GoggleWorks has had the pleasure to host three Kutztown University seniors during their final semester of school. The purpose of the residency was to take them beyond their university classrooms to experience other spaces and studios to expand their practice and evolve their art. This exhibiting exhibition is a culmination of all of their hard work over the last three months.

Through a process of replication and manipulation, my work provides me an outlet to decipher the body and grasp identity. Utilizing materials that inherently fill, cover or merge with a subject, I am able to reproduce fragments of my own person that then become specimens to examine and dissect. Metal, wood, and other structural materials become the skeleton of the inorganic versions of myself. Silicone, textiles, and photography form the external body. Further exploration of these forms through photography and digital manipulation allows me additional capacity to interrogate the figure. Through this interrogation, I aim to discover more about being trapped in my own body. I can then analyze this reality as both a universal human experience and a personal experience. Photographic and sculptural elements meld to become a new homogenous being. These beings are finished but still maintain a sense of rawness, allowing the ordeal and strain of having a body to transcend from an inorganic form. This culminates in a vulnerability through channeling my own trauma into a physical object. Through showing the material evidence of creation I create a tribute to my body that my viewer can translate into their own experiences.

Capturing the natural world within a photograph allows me to recontextualize and present forms of nature in unexpected ways. Searching for commonalities between nature and the body, my work attempts to bridge the space between the outside world and the human experience. I aim to photograph the natural world in a context that allows my work to represent nature as portraiture as opposed to traditional landscapes. My work utilizes black and white images along with techniques which incorporate visual and physical layers such as collages, books, and double exposures to reframe a familiar encounter. My use of individually crafted handmade books creates a more personalized experience for the viewer, allowing them to closely look at and interact with the photographs. Through the experience of handling a uniquely made object, the viewer is able to observe themself in a material object creating a sort of connection between viewer and art. This connection allows for sympathy to grow within the viewer, driving home the idea of my art which is to compare nature to the human experience.
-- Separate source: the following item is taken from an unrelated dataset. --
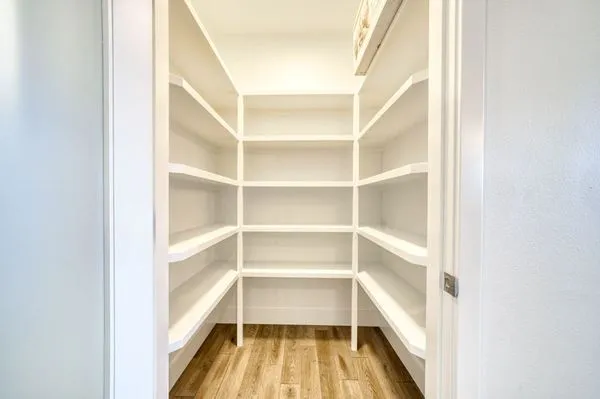 InteriorPhoto for House Plan #348292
Self portraiture, in a variety of forms, has been the driving force behind my work. I create these in an effort to understand my connection to my physical form as an extension of who I am, while attempting to question the limitations and definitions of self portraiture. While some are representations of self, others act as characterizations, the line between the two often blurring for both myself and the viewer. These works mainly exist in black and white or limited color to reveal the transformations and distortions that light and shadow impart on the body. The imagery seeks to explore my relationship to light, my relationship to my body, and, in turn, their relation to each other. Light is both important to my work in concept and imagery as well as in process, as methods like film and cyanotype require it in their creation. Photography has a distinctual ability to depict the subtleties of light, shadow, and form, and thus, the work reflects how each affects and changes the interpretation of the human body. I aim to discover if a suggestion or characterization of the body can be as much a representation of self as one’s immediately recognizable physical form.